1012BXY -------> 1012      BXY      

I have tried using the Regex Split node but I'm having difficulty formatting an expression that works (I am a regex newbie). Can anyone give me an example of what expression should be input into the node to enable the split?

Thanks

Jon Timko

"(\d+)(\w+)" should do the trick (\d = digits, \w = word characters).

Dear All,

How can I further Col2 into its component numbers using regex split?

Col4 Col5 Col6 Col7

1 0 1 2

I am sorry for the simple query.

With best regards,

Philip

([0-9])([0-9])([0-9])([0-9]) should do it.

However I would probably use the node "cell splitter by position" and for split indices use "1,2,3,4".

Simon.

Dear Simon,

Thank you very much for looking into it. I am trying to split a chemical fingerprint (of length 1024) column. Maybe the regex is pattern is not sufficient.
Can you please kindly look at the attached protocol (modified from an existing protocol) and kindly suggest again ?

With best regards,
Philip

I dont have access to KNIME right now, but the Expand BitVector node should be what you are looking for to split out a Fingerprint.

Simon.

Dear Simon,

Thank you again. But I was not able to split it with the expand bitvector node. Can you please kindly look into it again by downloading it and trying it yourself ?
I am sorry to trouble you with this.

With best regards,
Philip

Would like to help looking at this, but without a data file it's a bit of a pain.

With the description of your initial post, could it be that you have a decimal fingerprint? I think the expand bitvector node only works with binary FP.

that aside, you are using RD-kit fingerprint node, that gives binary, not sure why the exp. node wouldn't work (do you use right after the fingerprint node or after the Bitvector generator? don't see the point in having the latter).

Erlwood nodes has a "Fingerprints Expander" (basically the same thing), you could try that instead.

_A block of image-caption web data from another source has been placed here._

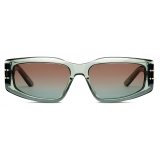 Dior - Occhiali da Sole - DiorSignature S9U - Verde Trasparente - Dior Eyewear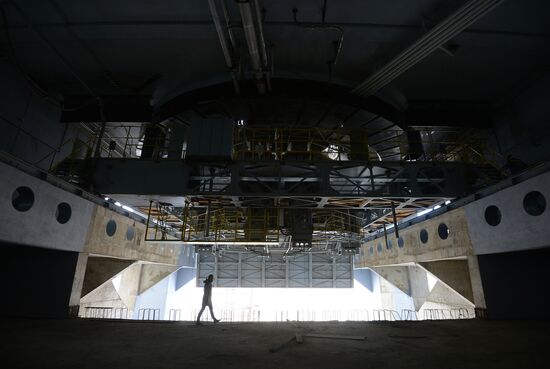 Vostochny Cosmodrone in Amur Region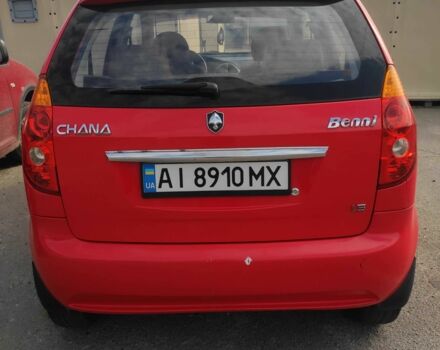Красный Чана Бенни, объемом двигателя 1.3 л и пробегом 70 тыс. км за 2300 $, фото 3 на Automoto.ua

If your fingerprint column has somehow lost its data type and become a string column, may need to regenerate it with the create BitVector node, and then use expand BitVector node. This should work for you.

Simon.

I tested this now (I used the original workflow) and added RD-kit fingerprint and bit-vector-expander, works as intended for me.

I believe it's like richards99 says, you lost your datatype and that is as far as I can see because you use a column rename and end up with a string column, that is the problem.

Forget the rename, when you expand the bitvector you can (most likely will) replace the original FP column anyway. And for 500 or 1000 bit columns you don't need to worry about naming.

Dear Docminus and Simon,

Thank you for the suggestions.

Is it possible to share your workflow with me? I am still not able to figure the problem and I do not use the column rename node anywhere in my workflow. I instead used a string manipulation node to convert the RD-kit fingerprint format to a string format so that the ‘Bitvector Generator’ node can recognize it.

Please kindly attach your workflow and hopefully it will all be OK.

Thank you and with best regards,
Philip

Sorry, my bad, I meant your String Manipulation. You don't need to convert to string format.

Why do you want to your Bitvector Generator? RD-kit fingerprint makes a fingerprint. That is a bitvector mathematically speaking, just another name as used in cheminformatics.

So all you need is:

RD-Kit Fingerprint (makes your bitvector) -> Expand Bit Vector (if that is what you need)

done.

 

Dear Docminus,

Thank you again, I understand and I have tried your suggestions.
But the ‘Bitvector Generator’ does not recognize the ‘Col0 (Fingerprint)’ column which contains the Bitvector of type ‘DenseBitVectorCell’. May be the ‘Bitvector Generator’ node does not recognize the Dense BitVectors.
Please kindly take a look at my workflow again and kindly advice.

Thank you,
With best regards,
Philip